While boxing will still be on the program at the 2024 Paris Games, the International Olympic Committee said its executive board has asked the full membership to withdraw its recognition of the IBA at a special meeting on June 22.

IOC members rarely vote against recommendations from their 15-member board and the IBA’s ouster is likely a formality.

The IOC had already suspended the IBA’s recognition in 2019 over long-standing financial, sports integrity and governance issues. The Olympic body oversaw the boxing competitions itself at the Tokyo Olympics held in 2021 and will do so again for Paris.

An IOC statement said the boxing body “has failed to fulfil the conditions set by the IOC … for lifting the suspension of the IBA’s recognition.”

The IBA criticized what it called a “truly abhorrent and purely political” decision by the IOC and warned of “retaliatory measures.”

“Now, we are left with no chance but to demand a fair assessment from a competent court,” the boxing body’s Russian president Umar Kremlev said in a statement.

The IOC-IBA standoff has also put boxing’s place at the 2028 Los Angeles Games at risk, though that should now be resolved.

The IOC previously stressed it has no problem with the sport or its athletes — just the IBA and its current president Kremlev, plus financial dependence on Russian state energy firm Gazprom.
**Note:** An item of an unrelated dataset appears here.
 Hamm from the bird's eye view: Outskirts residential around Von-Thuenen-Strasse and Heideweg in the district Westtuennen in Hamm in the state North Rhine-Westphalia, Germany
In a 24-page report on IBA issues published Wednesday, the IOC concluded “the accumulation of all of these points, and the constant lack of drastic evolution throughout the many years, creates a situation of no-return.”
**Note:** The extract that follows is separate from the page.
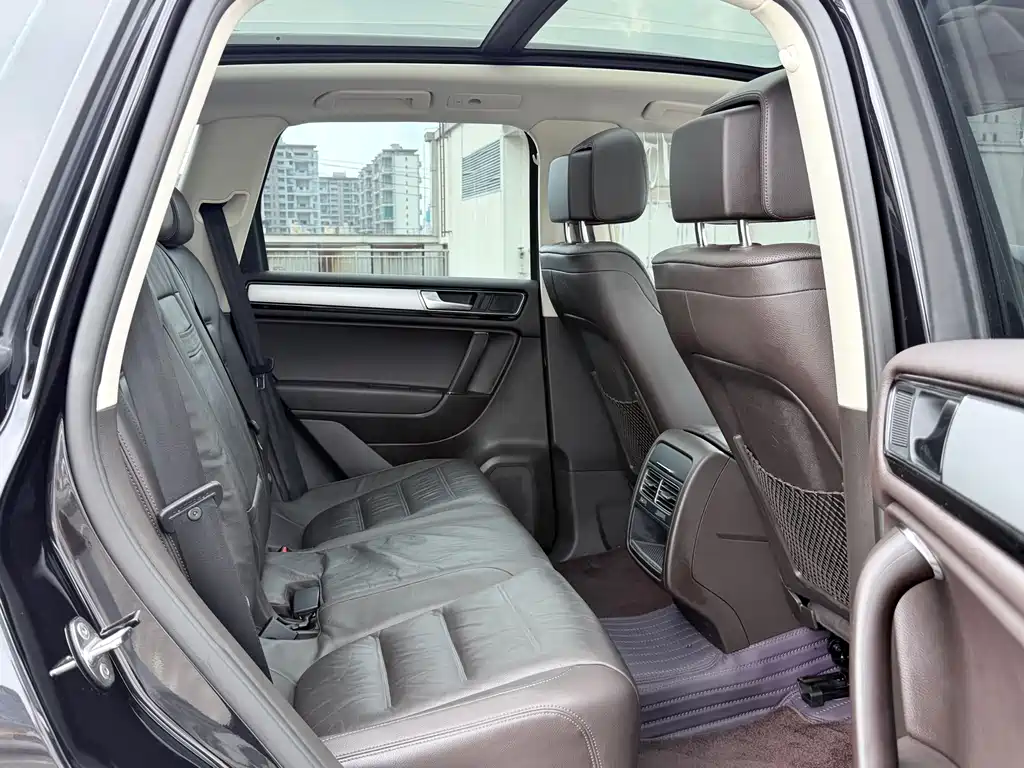 Volkswagen Touareg 2018 — фото 16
Olympic boxing’s reputation has been in question for decades. Tensions heightened after boxing officials worldwide ousted long-time IOC member C.K. Wu as their president in 2017 when the organization was known by its French acronym AIBA.

“From a disreputable organization named AIBA governed by someone from the IOC’s upper echelon, we committed to and executed a change in the toxic and corrupt culture that was allowed to fester under the IOC for far too long,” Kremlev said Wednesday in a statement.

National federations then defied IOC warnings in 2018 by electing as their president Gafur Rakhimov, a businessman from Uzbekistan with alleged ties to organized crime and heroin trafficking.

Kremlev’s election to replace Rakhimov in 2020 followed another round of IOC warnings that went unheeded.

Amid the IBA turmoil, a rival organization called World Boxing has attracted initial support from officials in the United States, Switzerland and Britain.

The IBA can still continue to organize its own events and held the men’s world championships last month in the Uzbek capital Tashkent.